> _Directions for this task_: Write the lines out again, from the top of the material to the line containing "Amazon Com T", pictures excluded.
+ + + +
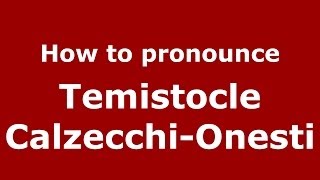 How to pronounce Temistocle Calzecchi-Onesti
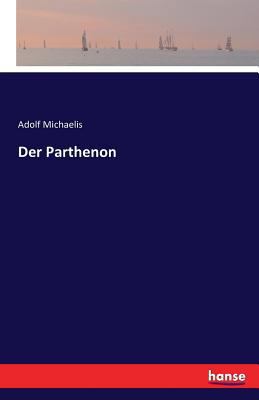Der Parthenon [German] 3741155632 Book Cover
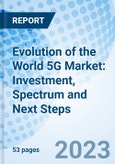 Evolution of the World 5G Market: Investment, Spectrum and Next Steps- Product Image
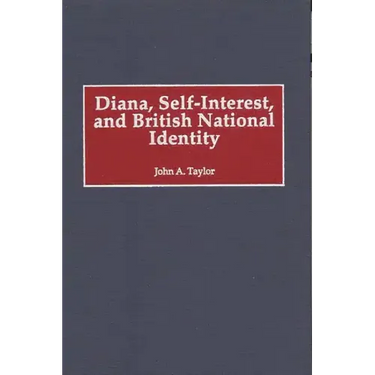 Diana, Self-Interest, and British National Identity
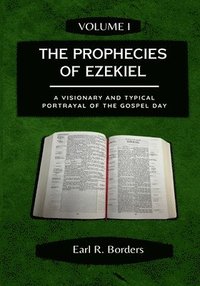 bokomslag Prophecies of Ezekiel - Volume 1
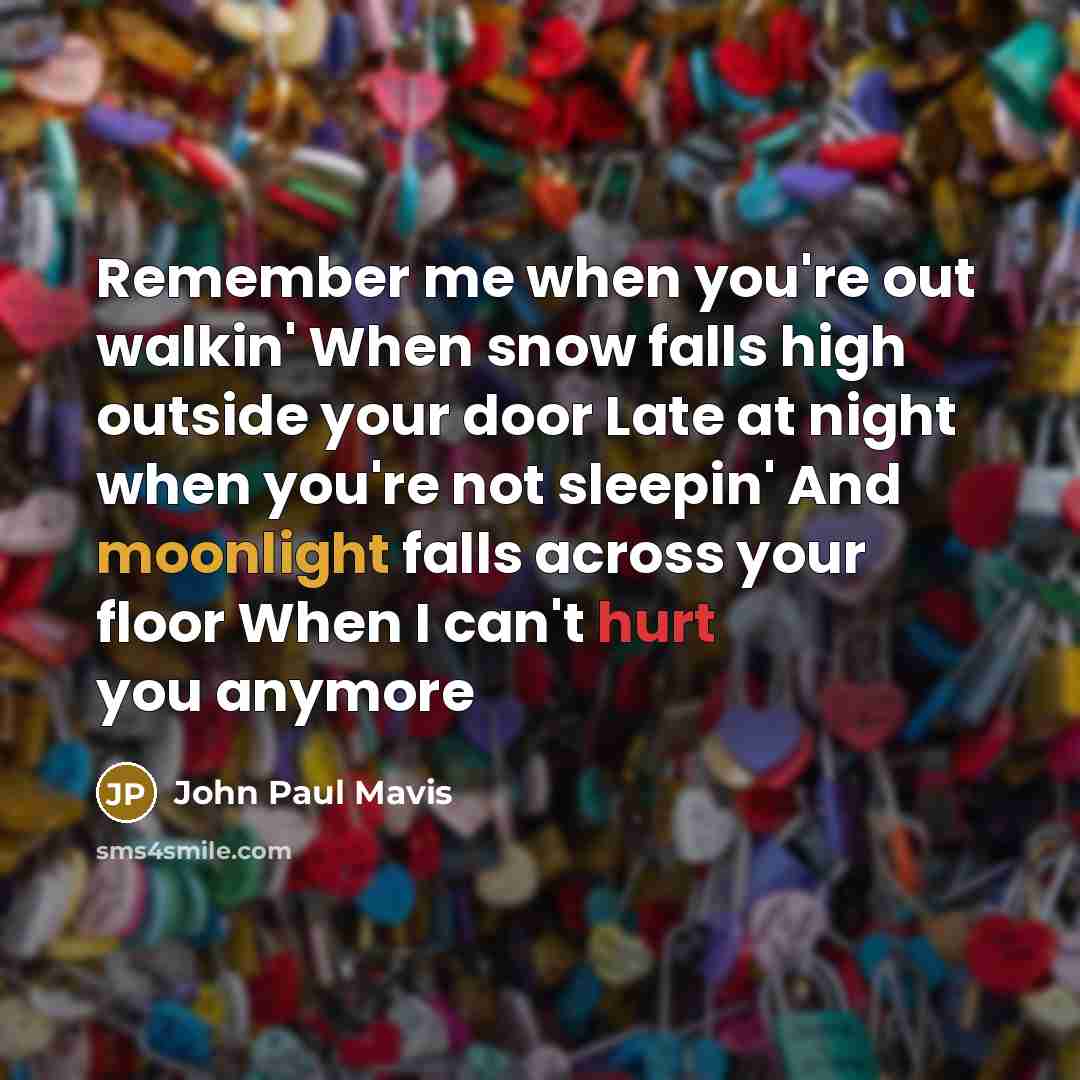 “Remember me when you're out walkin' When snow falls high outside your door Late at night when you're not sleepin' And moonlight falls across your floor When I can't hurt you anymore” quote by John Paul Mavis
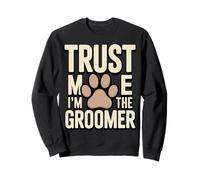 Funny Pet Groomer Paw Trust Me I'm The Groomer Paw Sweatshirt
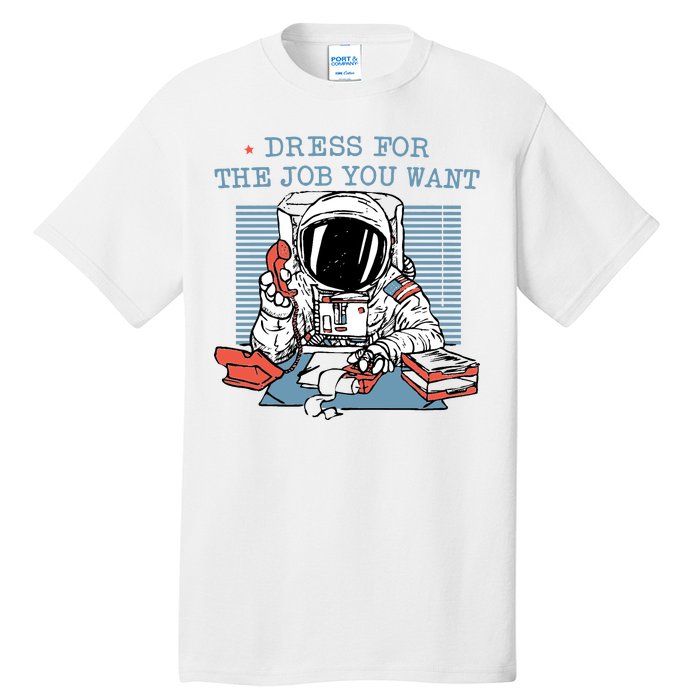 Dress For The Job You Want Astronaut Tall T-Shirt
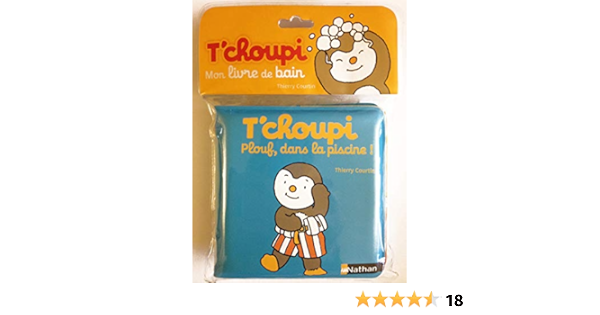Amazon Com T Choupi Plouf Dans La Piscine Courtin Thierry Books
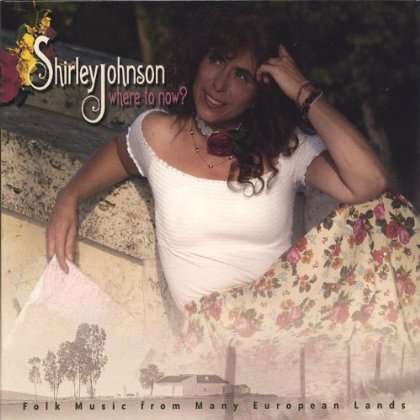 Where to Now? Folk Music from Many European Lands - Shirley Johnson - Muziek -  - 0837101078122 - 20 december 2005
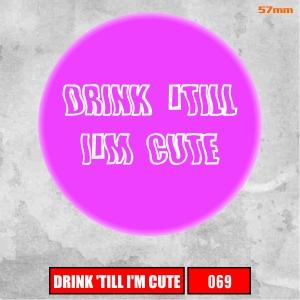 Insigna 069 Drink till I'm cute-2719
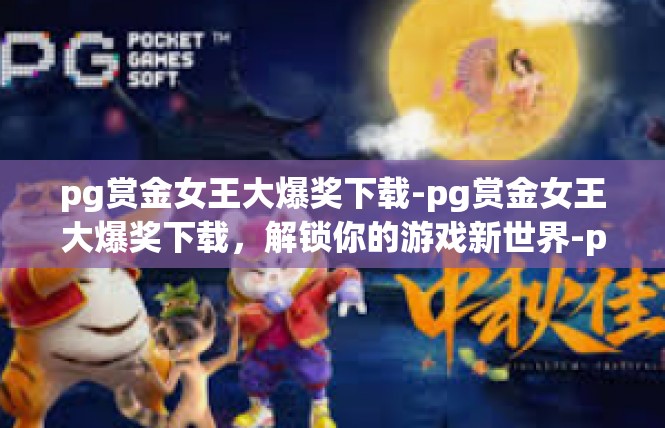 pg赏金女王大爆奖下载-pg赏金女王大爆奖下载，解锁你的游戏新世界-pg赏金女王大爆奖下载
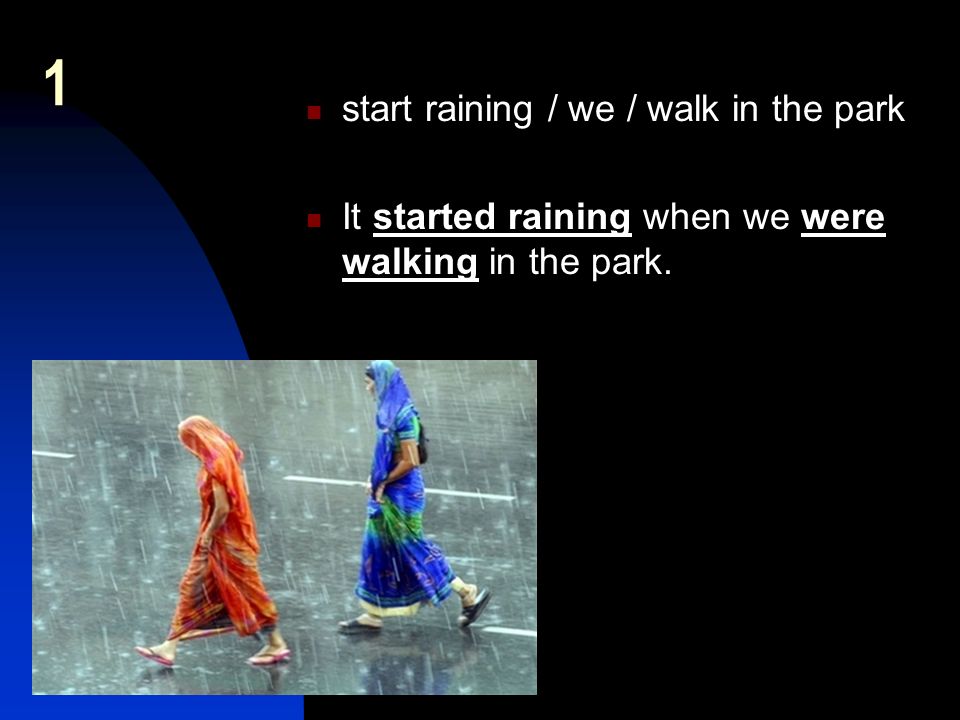 1 start raining / we / walk in the park It started raining when we were walking in the park.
+ + + +
> _Reply_:
 How to pronounce Temistocle Calzecchi-Onesti
Der Parthenon [German] 3741155632 Book Cover
 Evolution of the World 5G Market: Investment, Spectrum and Next Steps- Product Image
 Diana, Self-Interest, and British National Identity
 bokomslag Prophecies of Ezekiel - Volume 1
 “Remember me when you're out walkin' When snow falls high outside your door Late at night when you're not sleepin' And moonlight falls across your floor When I can't hurt you anymore” quote by John Paul Mavis
 Funny Pet Groomer Paw Trust Me I'm The Groomer Paw Sweatshirt
 Dress For The Job You Want Astronaut Tall T-Shirt
Amazon Com T Choupi Plouf Dans La Piscine Courtin Thierry Books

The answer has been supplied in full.